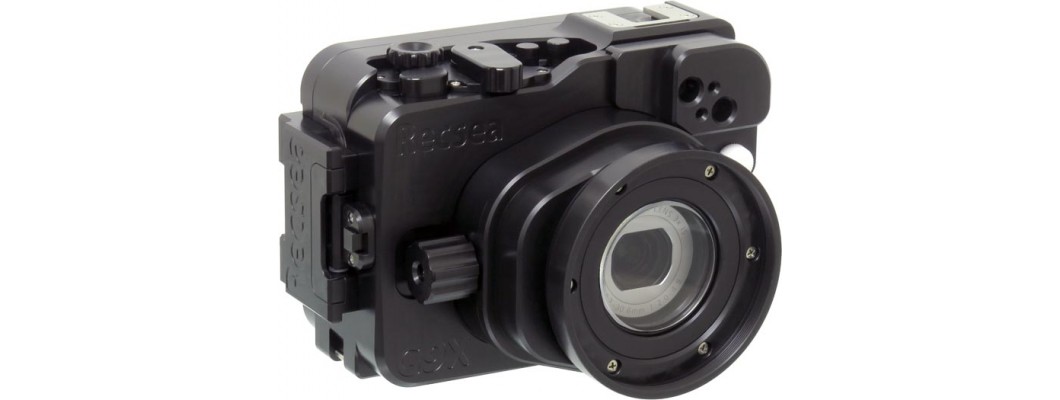 Recsea推出 Canon S120 後續機種 - PowerShot G9X 防水殼 - CWC-G9X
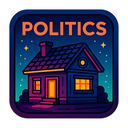 icon_politics_house_cyberpunk icon preview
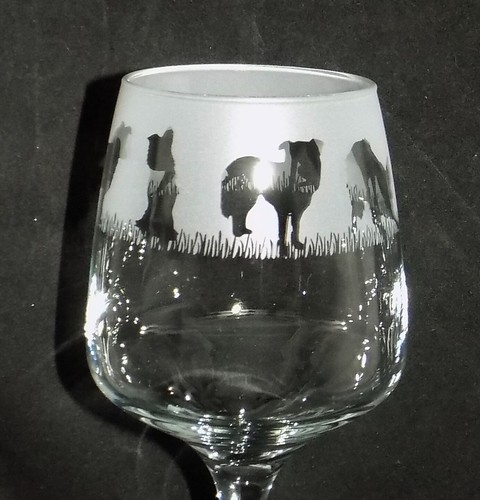 New border collie hand - new, 'border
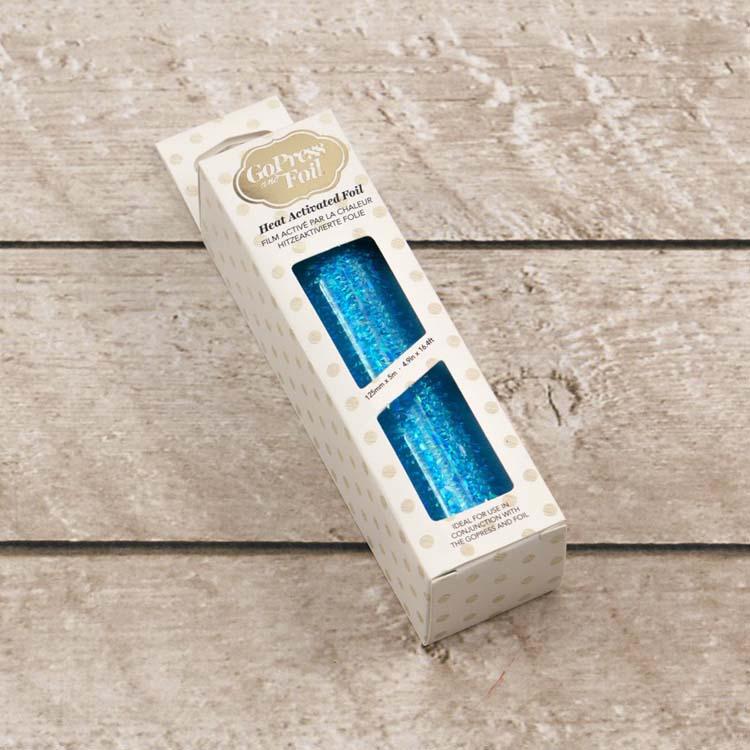 Heat Activated Foil Single Rolls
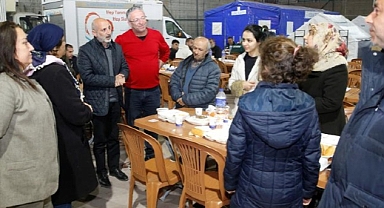 Konak’ın çadır kentinde hayat başladı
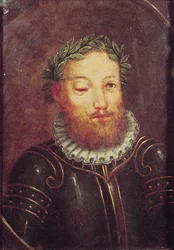 Retrato de Luis Vaz de Camoes (c.1524-80) siglo XVI-XVII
####################
▸ **INSTRUCTIONS FOR THE TASK**
Copy out the listing word for word and skip its pictures.

▸ **WRITTEN ANSWER**
 Recsea推出 Canon S120 後續機種 - PowerShot G9X 防水殼 - CWC-G9X
 icon_politics_house_cyberpunk icon preview
 New border collie hand - new, 'border
 Heat Activated Foil Single Rolls
 Konak’ın çadır kentinde hayat başladı
 Retrato de Luis Vaz de Camoes (c.1524-80) siglo XVI-XVII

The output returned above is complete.